» What is expected
Every line below must be copied as written, except for pictures.

──────── Information provided

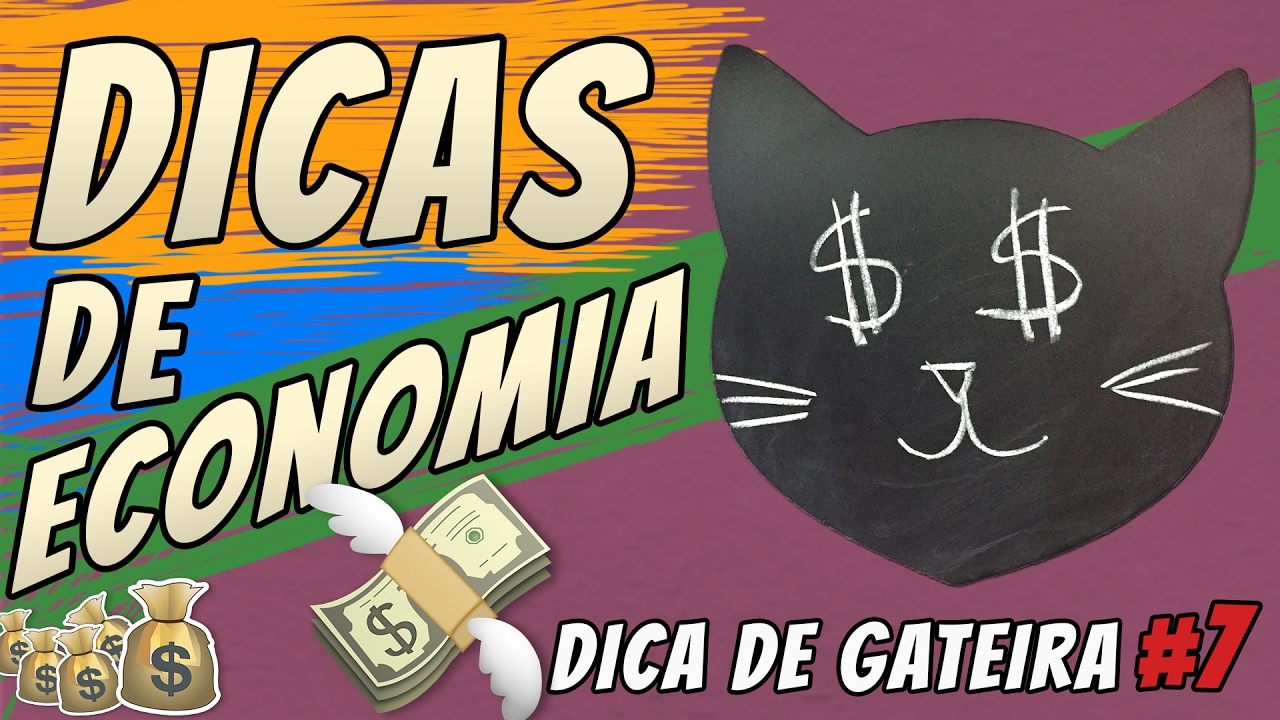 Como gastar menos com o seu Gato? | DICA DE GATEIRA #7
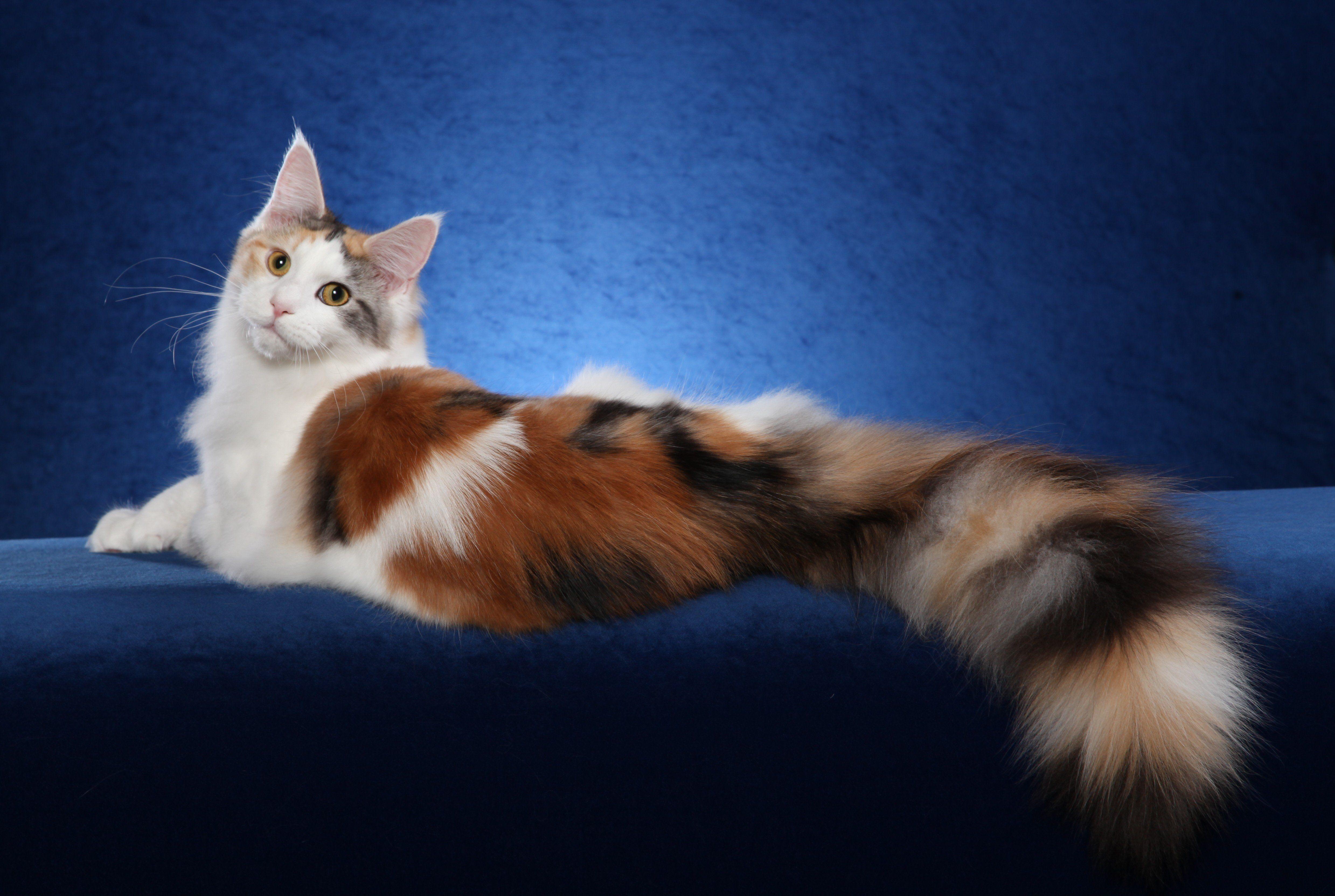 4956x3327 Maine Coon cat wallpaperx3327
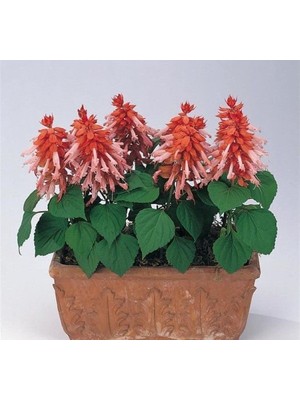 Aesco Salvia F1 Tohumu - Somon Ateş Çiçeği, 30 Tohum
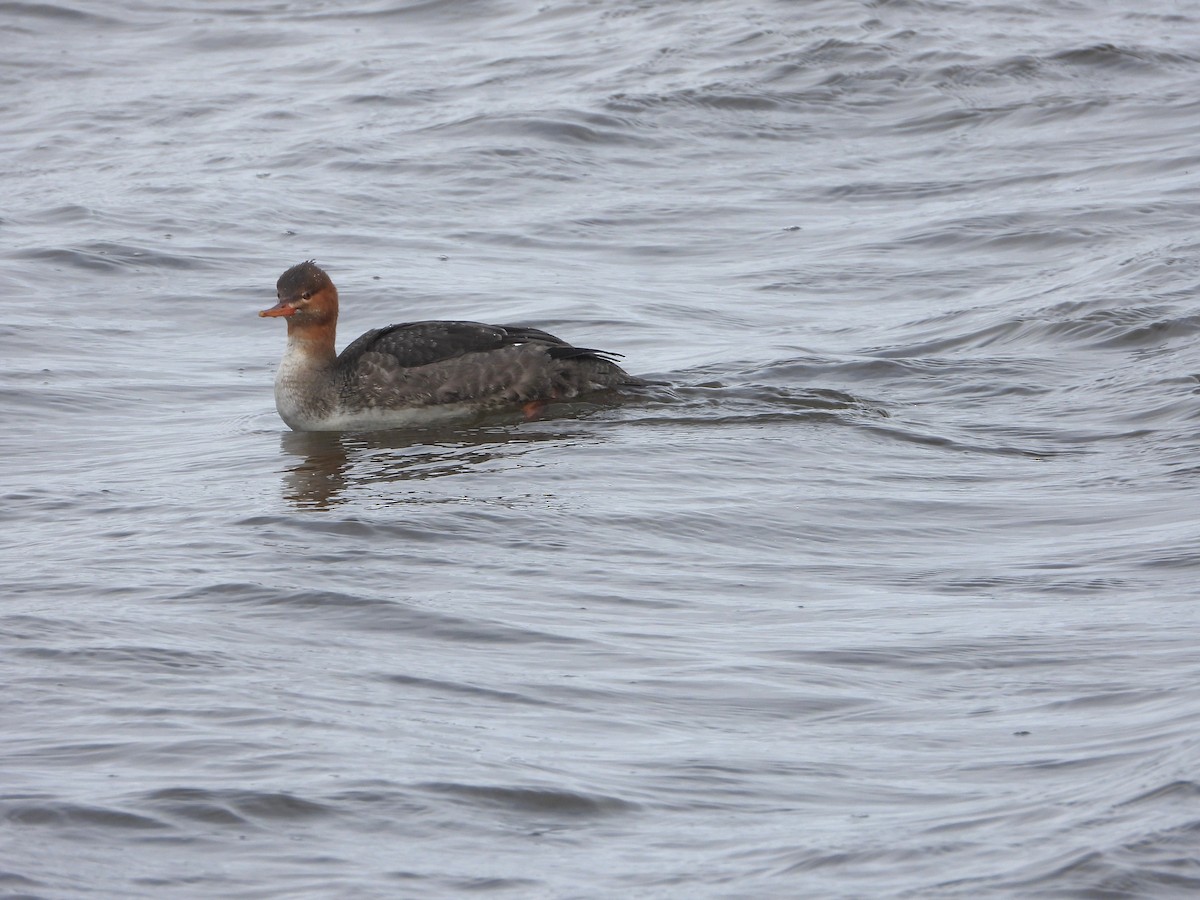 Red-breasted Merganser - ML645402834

────────────────

» Answer section
 Como gastar menos com o seu Gato? | DICA DE GATEIRA #7
 4956x3327 Maine Coon cat wallpaperx3327
 Aesco Salvia F1 Tohumu - Somon Ateş Çiçeği, 30 Tohum
 Red-breasted Merganser - ML645402834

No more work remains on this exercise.